§ Short web captions:
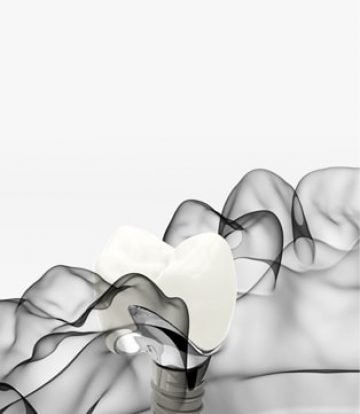 Treatment - Gloucesterstreetdental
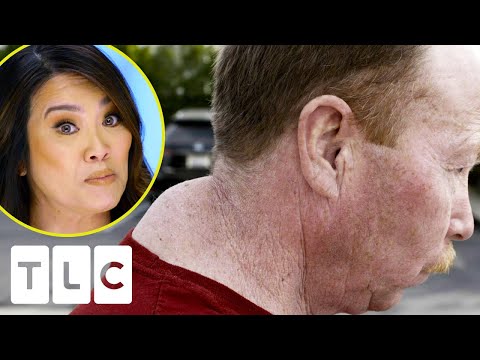 Dr. Lee Pays Tribute To A Man’s Late Wife By Removing His Two Lipomas | Dr. Pimple Popper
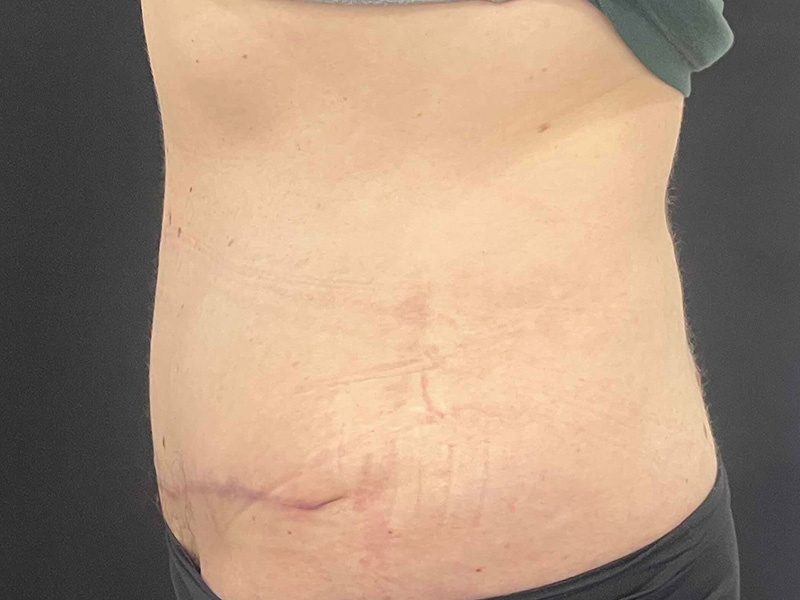 Tummy Tuck New Jersey Photos Lateral After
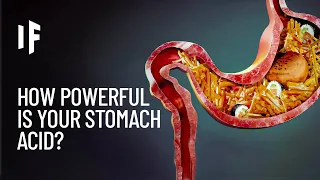 Download What If Your Stomach Acid Disappeared MP3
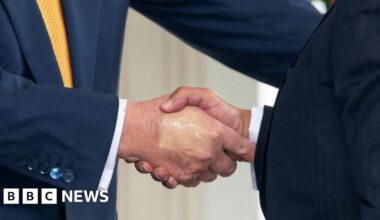 What is Trump's vein condition and how serious is it?
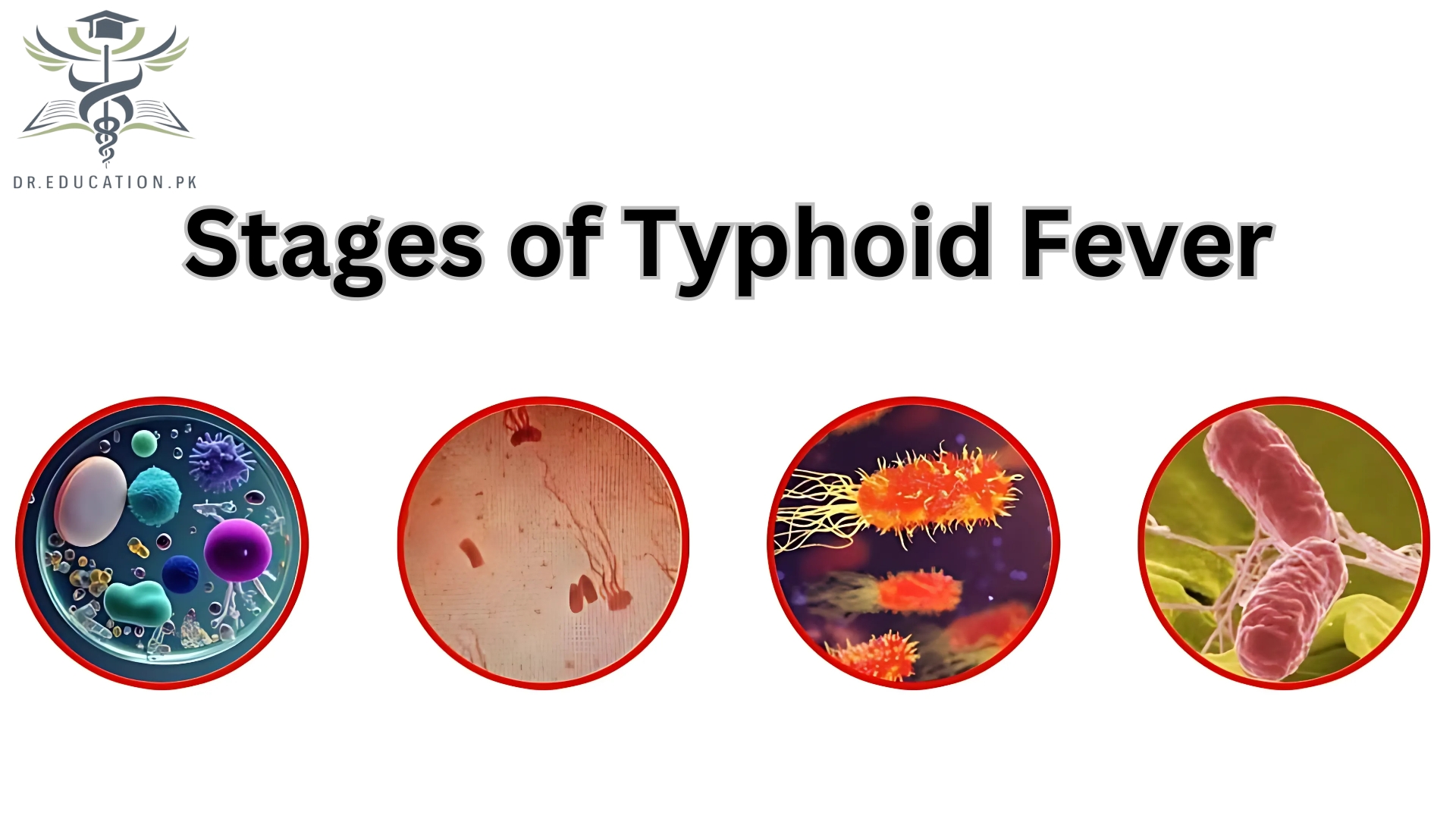 Typhoid Fever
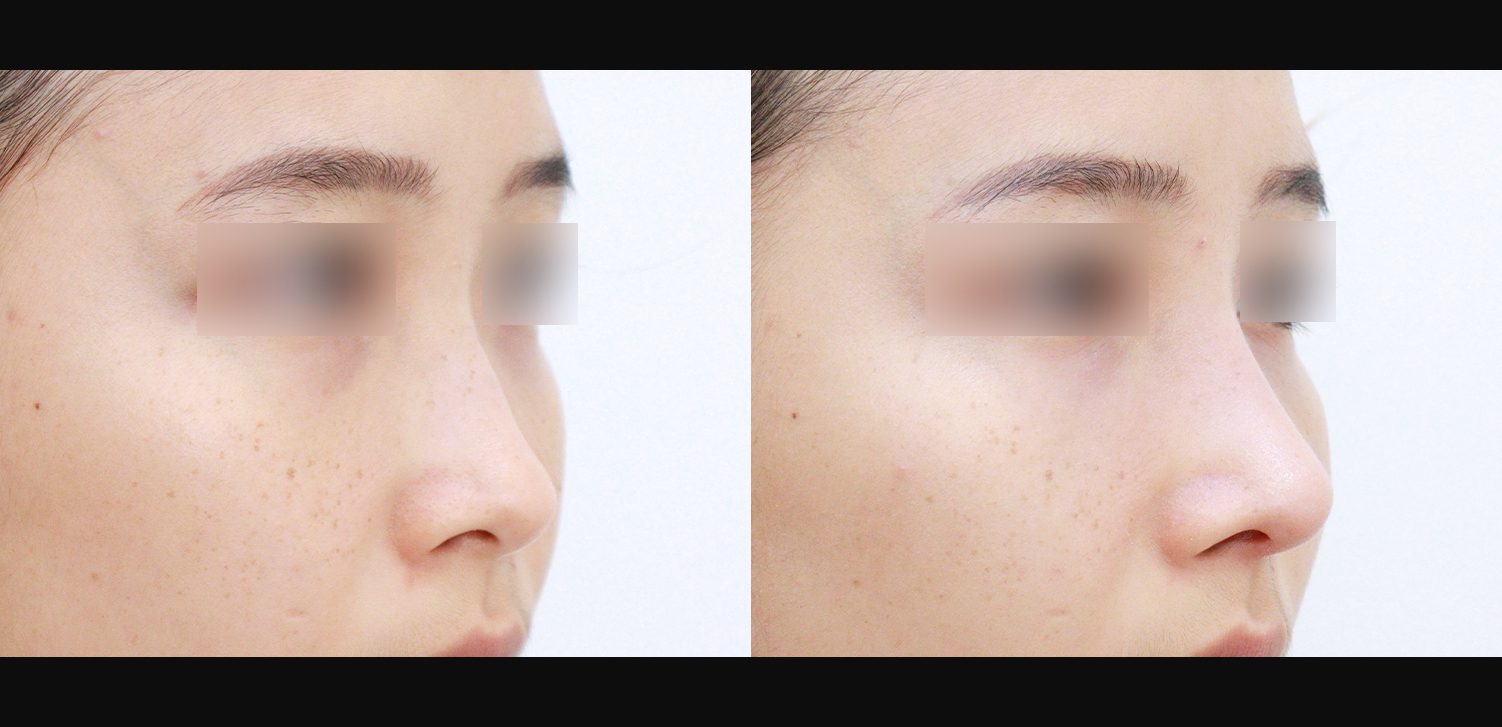 3D 코성형(콧대+코끝+들창코+인중코)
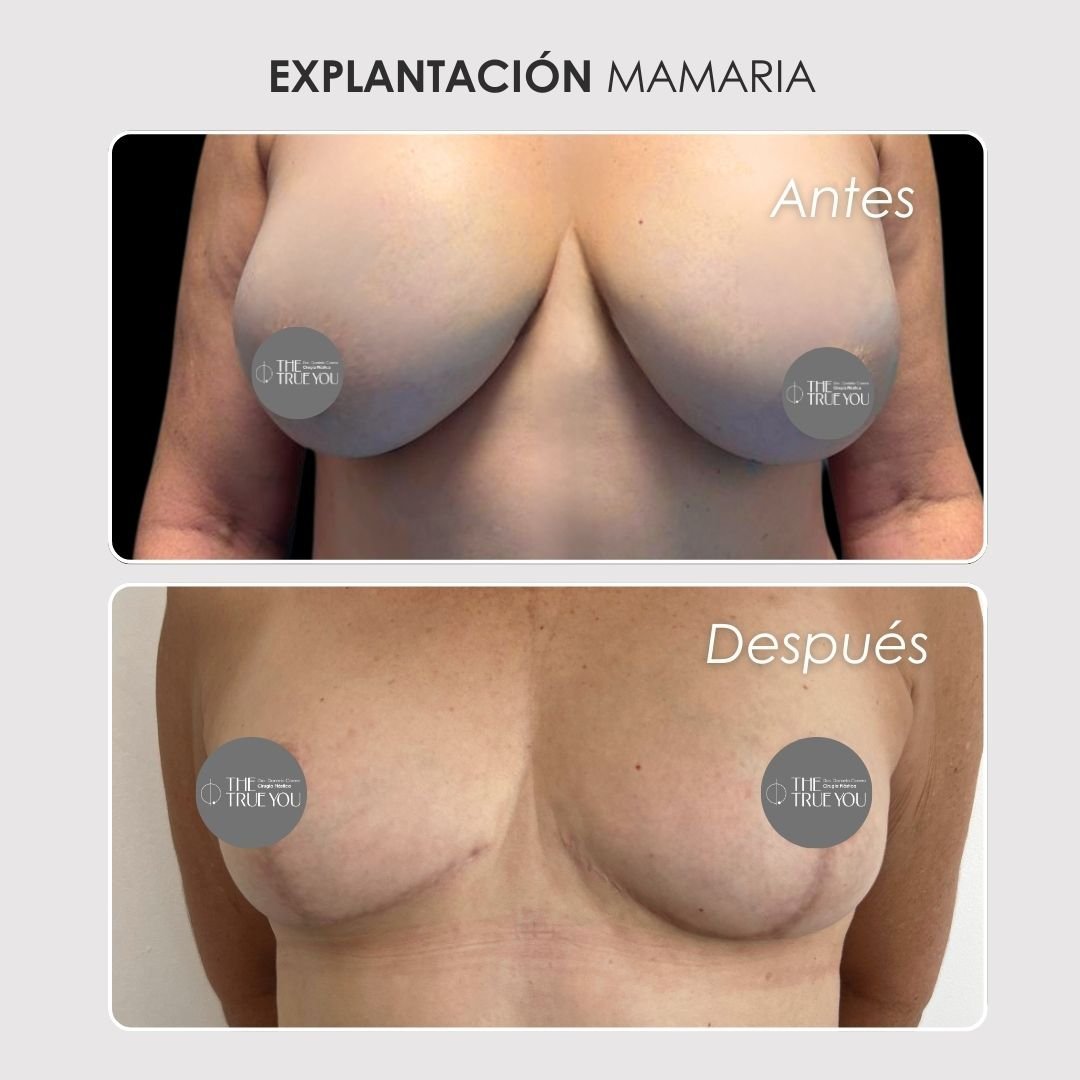 Explantacion-mamaria-Antes-y-despues-Daniela-Correa-Cirujana.jpg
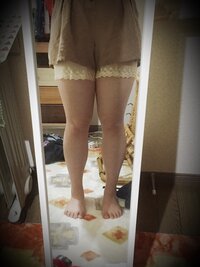 写真有 この足でショートパンツ スカートは醜いですか 質問です 画像の通 Yahoo 知恵袋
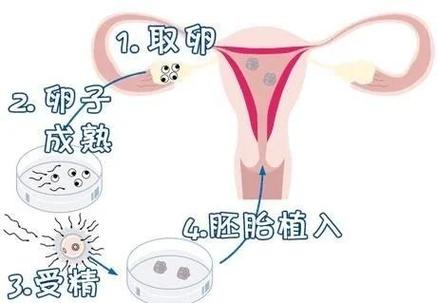 重庆第三代试管婴儿准备多少预算？这笔账你得算明白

§ Exercise prompt: Reproduce, exactly and with no pictures, the lines from the line containing "Download What If" through the closing line of the data above, keeping both ends.

§ Finished task:
 Download What If Your Stomach Acid Disappeared MP3
 What is Trump's vein condition and how serious is it?
 Typhoid Fever
 3D 코성형(콧대+코끝+들창코+인중코)
 Explantacion-mamaria-Antes-y-despues-Daniela-Correa-Cirujana.jpg
 写真有 この足でショートパンツ スカートは醜いですか 質問です 画像の通 Yahoo 知恵袋
 重庆第三代试管婴儿准备多少预算？这笔账你得算明白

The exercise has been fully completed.